Using the records below, write out only the lines from the line containing "Grand Hotel Gagra Bagian luar foto" up to and including the line containing "Framed Print : Photo of Bruce Springsteen Framed", exactly, with no pictures.

Provided records
_ _ _ _ _ _ _

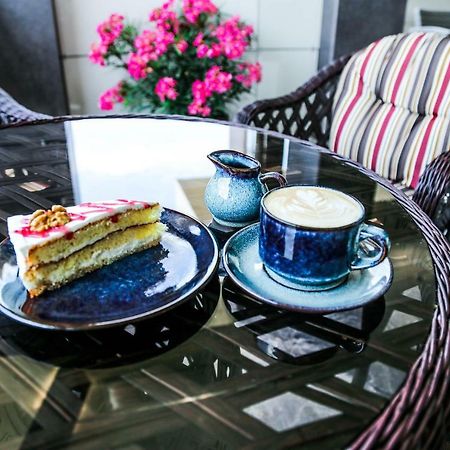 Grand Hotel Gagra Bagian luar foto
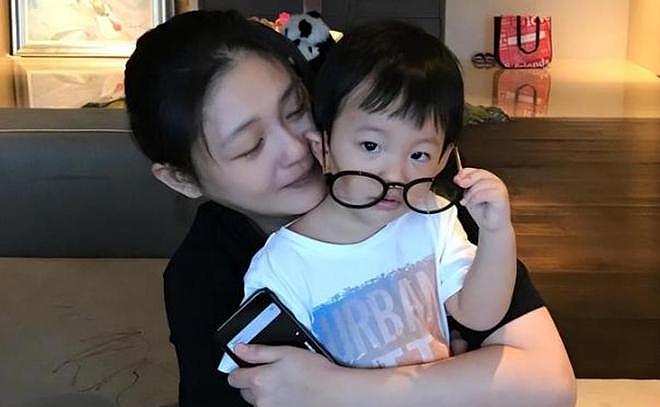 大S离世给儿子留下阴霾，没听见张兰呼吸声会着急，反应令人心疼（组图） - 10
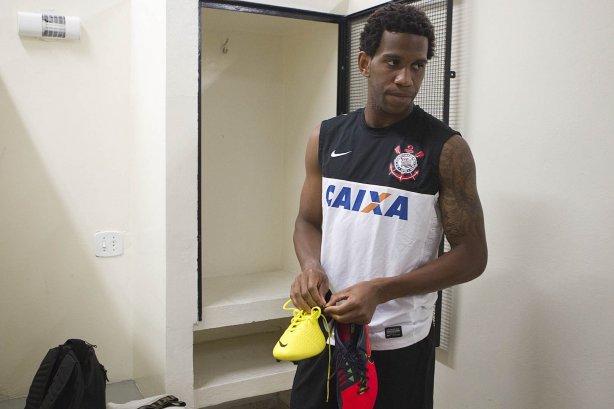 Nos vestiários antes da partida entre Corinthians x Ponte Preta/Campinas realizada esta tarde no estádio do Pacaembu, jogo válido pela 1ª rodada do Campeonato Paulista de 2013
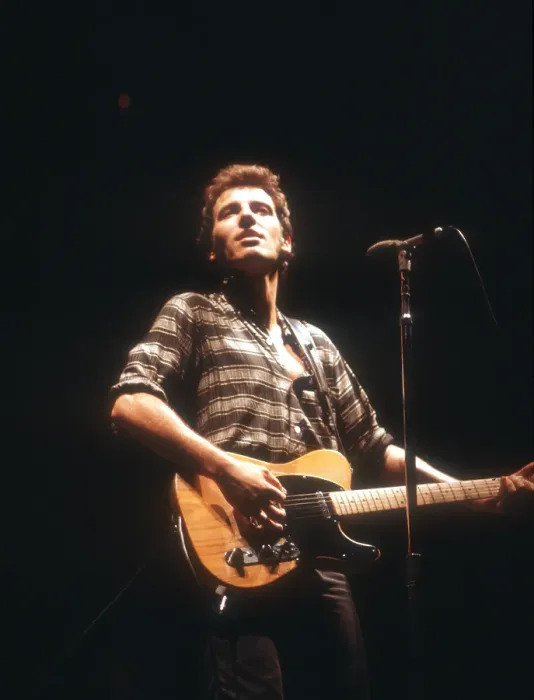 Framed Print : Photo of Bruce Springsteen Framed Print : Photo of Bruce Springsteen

_ _ _ _ _ _ _

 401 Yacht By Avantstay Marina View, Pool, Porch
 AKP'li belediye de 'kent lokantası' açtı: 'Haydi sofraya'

_ _ _ _ _ _ _

Solution
 Grand Hotel Gagra Bagian luar foto
 大S离世给儿子留下阴霾，没听见张兰呼吸声会着急，反应令人心疼（组图） - 10
 Nos vestiários antes da partida entre Corinthians x Ponte Preta/Campinas realizada esta tarde no estádio do Pacaembu, jogo válido pela 1ª rodada do Campeonato Paulista de 2013
 Framed Print : Photo of Bruce Springsteen Framed Print : Photo of Bruce Springsteen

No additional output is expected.